Venturing from the hostal after two days of slothful stillness, I was ready to check out the downtown core area. The close-by parques (parks) Berrio and Bolivar were leafy places in front of cathedrals, both well-attended with local Paisa (as they termed themselves in the area) musicians and artisans, respectively. Local (and internationally-renowned) artist Botero otherwise reigned prominently, both in the central sculpture park and in the adjacent Antioquia Museum (handily free on the day I walked by.)
Being the hometown hero, I quickly noticed that Botero's works were found in a few other plazas, too. This included a central one where his bird sculpture stood next to its previous edition. That had been blown up back in the bad, not-so-old days of Escobar's reign in the city and region. I applauded the city's keeping it around for the contrast.
Also at the Antioquia Museum was a large exhibit of the Colombian painter (and all-around artist) Cano, quite impressive as well, but there wasn't too much more to keep me inside when it was so nice out. Outside again, a few other churches were pretty things to pass by with a slowed gait, and the Plazas Cisneros and Mayor were handsome locales. The latter was a popular place to congregate in, what with its arrays of sculptures and open spaces. Cisneros was more stately, though, housing a horde of tall, white, and thin posts which lit up at night and with bamboo stands in between.
In Cisneros case the sculptures were also overshadowed by the (very) modern library at one end of the plaza.
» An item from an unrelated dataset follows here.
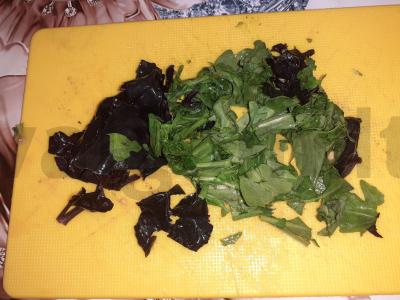 Daržovių salotas su baziliku, rukola ir marinuotais pievagrybiais Žingsnis 2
It proved well worth the look I took inside for its architecture and use of space. Beyond that it had great views to take in the city, including mural art seen from above. A mystery bathroom, found on its upper deck's corner, was adjacent to a final odd view - almost visible from the toilet itself. I share because, well, I just do.
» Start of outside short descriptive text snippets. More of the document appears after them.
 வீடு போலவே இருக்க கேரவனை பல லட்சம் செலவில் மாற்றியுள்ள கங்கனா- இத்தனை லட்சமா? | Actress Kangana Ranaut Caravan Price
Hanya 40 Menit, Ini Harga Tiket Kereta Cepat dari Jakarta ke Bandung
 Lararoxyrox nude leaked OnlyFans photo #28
The Plaza Mayor was a different affair, mostly on the other side of the clustering of municipal buildings that were somewhat blocked off for security from Plaza Cisneros. More interactive in many aspects, its Plaza de Pies Descalzados (Barefoot Park) was extremely well-attended by great numbers of kids and parents. With its plentitude of water - and even a pebble garden - it earned the name.
Ongoing at the same place was the touring exhibition Bodies, something which I couldn't seem to escape anywhere in the world. That was a shame, since I found its use of real Chinese bodies for gawking somewhat repulsive. I had passed it by in Seattle and Sydney previously, plus I recalled sharing another city with it somewhere else as well. I'd do the same once more here - and still it was no, thanks.
One day I made a point of joyriding the Metro system. Since you could turn around at any given station without paying, by merely walking over or under the rails to the other waiting side, I took advantage of this to check out the lay of Medellín from the entire system. Not a bad deal, that.
Curiously, two special wings of the system included in the same CP1500 (< US$1) fee were called the MetroCables. These were gondola-serviced stations reminiscent of ski resorts, each providing nice views from above. They additionally felt sometime downright voyeuristic: it was quite easy to look into people's houses as the gondola gracefully glided by from above.
The lay of all of the roofs that crisscrossed Medellín, and all of the attendant labyrinthine staircases between the buildings, was no less than interesting. The town lay mostly along a north-south valley, surrounded by hills from all sides. A polyglot of red brick - almost none of it painted - made for impressive contouring of the hillsides, too, especially at sundown. During those fleeting moments the vast two-tone reliefs provided excellent contrasts as the shadows began.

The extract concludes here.